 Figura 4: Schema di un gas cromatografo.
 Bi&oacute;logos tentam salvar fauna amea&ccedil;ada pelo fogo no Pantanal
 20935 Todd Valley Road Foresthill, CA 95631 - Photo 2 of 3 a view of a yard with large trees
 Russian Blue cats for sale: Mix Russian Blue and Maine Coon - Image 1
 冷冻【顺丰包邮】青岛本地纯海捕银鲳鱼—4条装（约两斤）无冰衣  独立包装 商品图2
--
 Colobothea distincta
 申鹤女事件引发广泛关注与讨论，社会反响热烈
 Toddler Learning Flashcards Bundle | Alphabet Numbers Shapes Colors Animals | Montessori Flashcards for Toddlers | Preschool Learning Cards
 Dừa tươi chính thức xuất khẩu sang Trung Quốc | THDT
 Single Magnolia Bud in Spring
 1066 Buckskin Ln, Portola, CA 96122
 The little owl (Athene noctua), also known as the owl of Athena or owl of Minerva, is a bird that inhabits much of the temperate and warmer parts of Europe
--
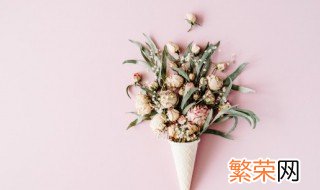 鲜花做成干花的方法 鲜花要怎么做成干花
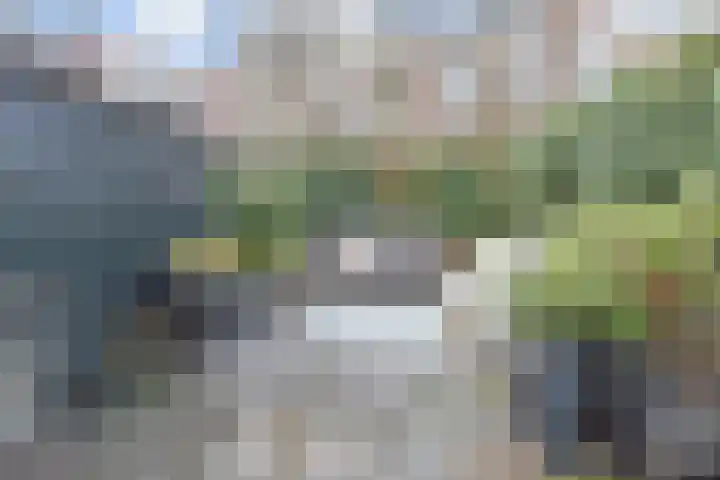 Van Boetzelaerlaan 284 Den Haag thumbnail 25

# Task objective:
Using the data above, print exactly the lines from the line that contains "Toddler Learning Flashcards" through the line that contains "Single Magnolia Bud in Spring", with both included.

# Answer box:
 Toddler Learning Flashcards Bundle | Alphabet Numbers Shapes Colors Animals | Montessori Flashcards for Toddlers | Preschool Learning Cards
 Dừa tươi chính thức xuất khẩu sang Trung Quốc | THDT
 Single Magnolia Bud in Spring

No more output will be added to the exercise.